> [What you should do]
Could the data below be printed out exactly, with the pictures left out?

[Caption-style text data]
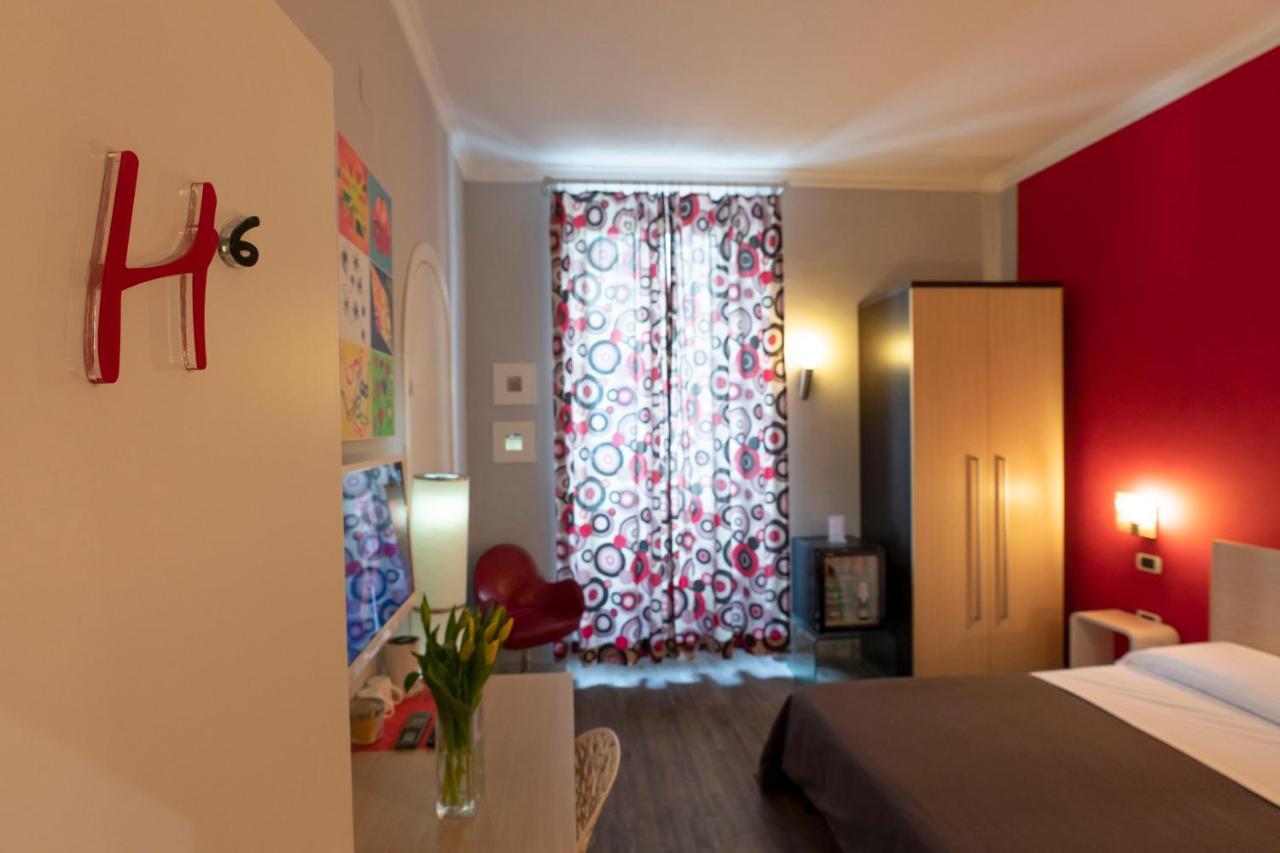 H Rooms Boutique Hotel Неаполь Экстерьер фото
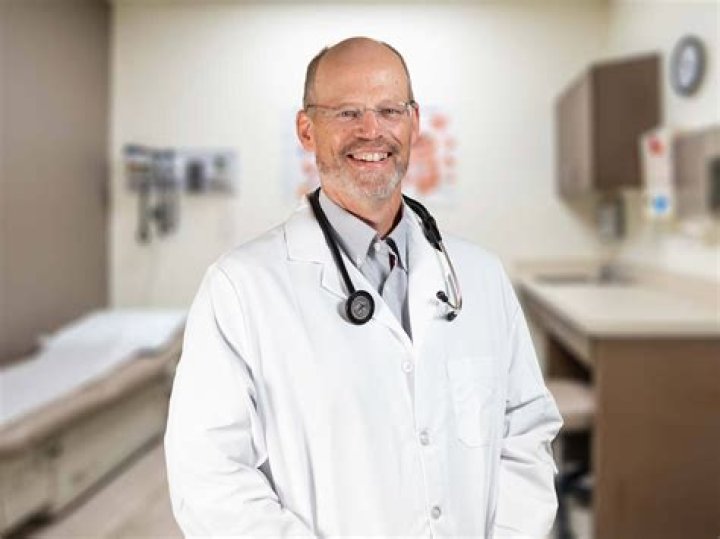 Dr. Nigel Newman, MD – Warren, OH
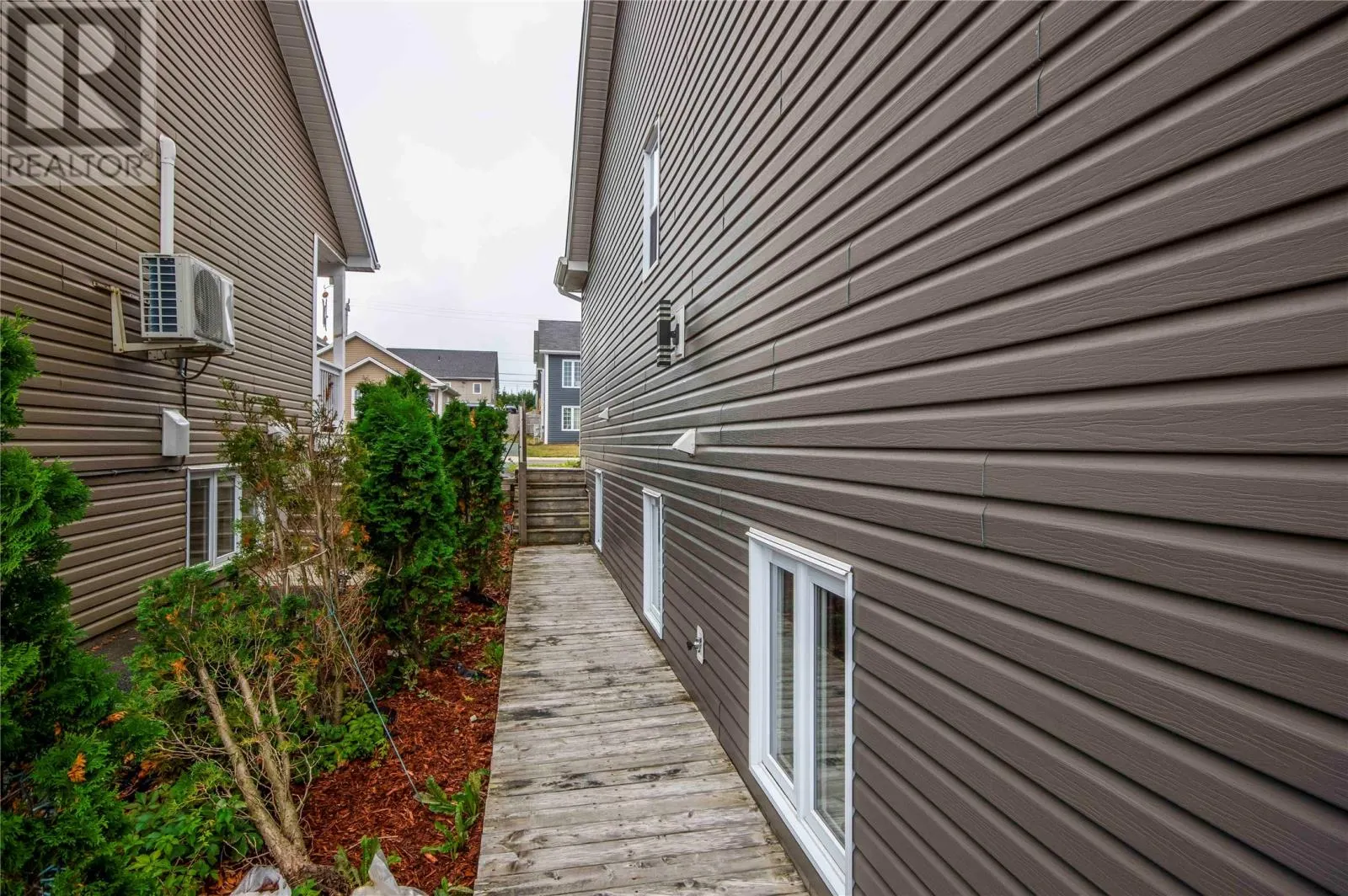 16 Bridgeport Street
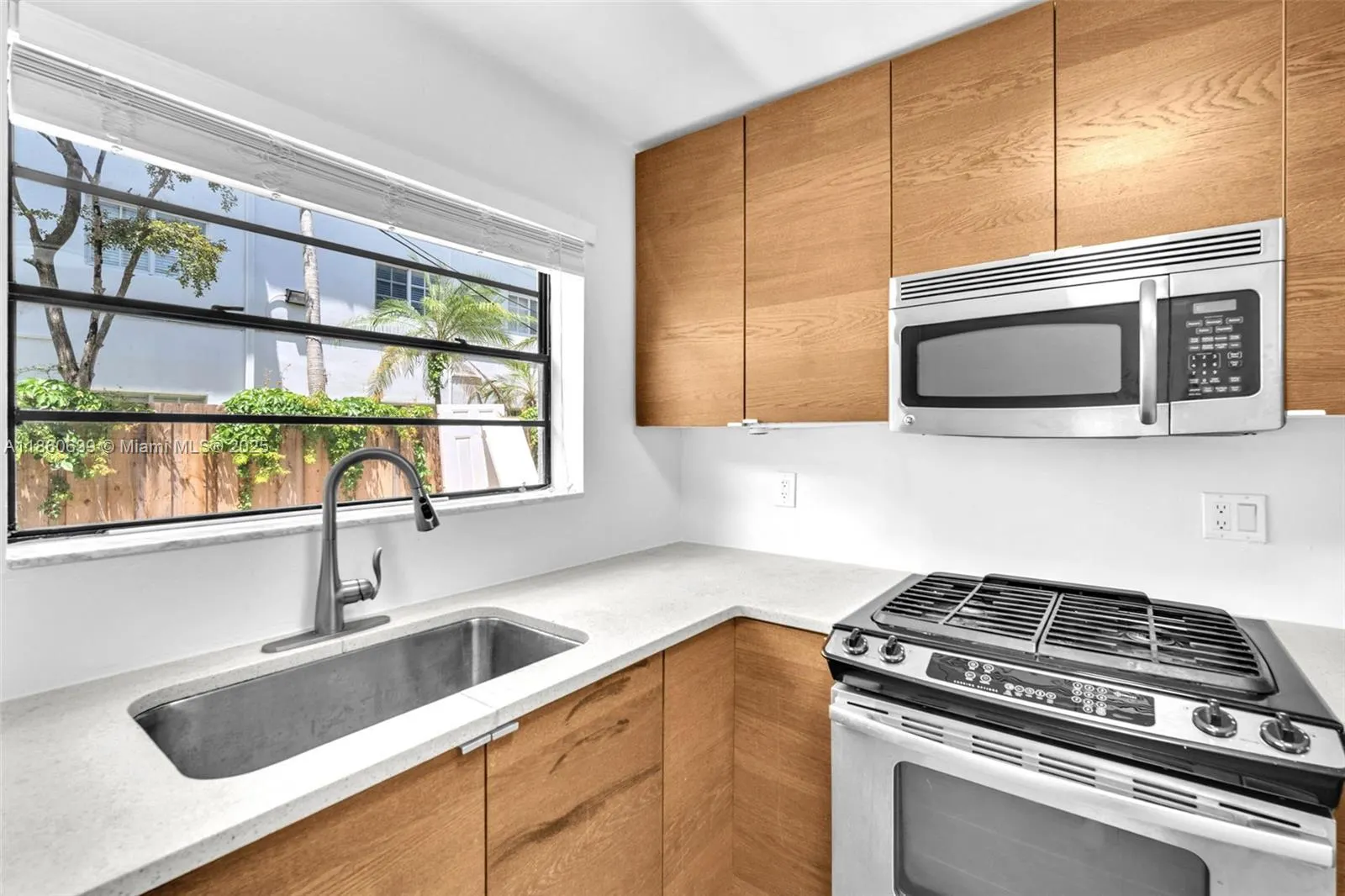 3265 Virginia St, #2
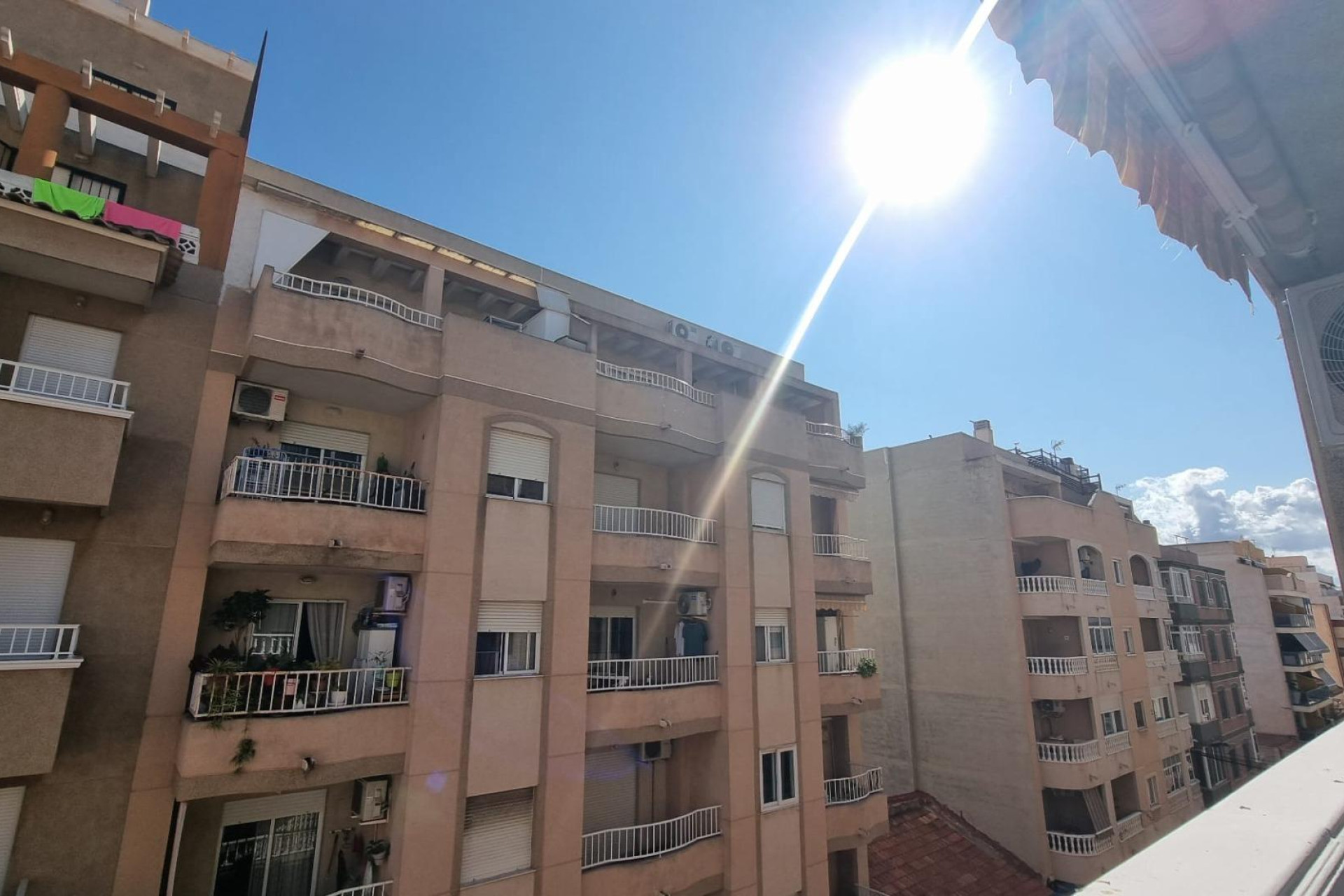 Resale - Apartment  - Torrevieja - Centro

> [Response area]
 H Rooms Boutique Hotel Неаполь Экстерьер фото
 Dr. Nigel Newman, MD – Warren, OH
 16 Bridgeport Street
 3265 Virginia St, #2
 Resale - Apartment  - Torrevieja - Centro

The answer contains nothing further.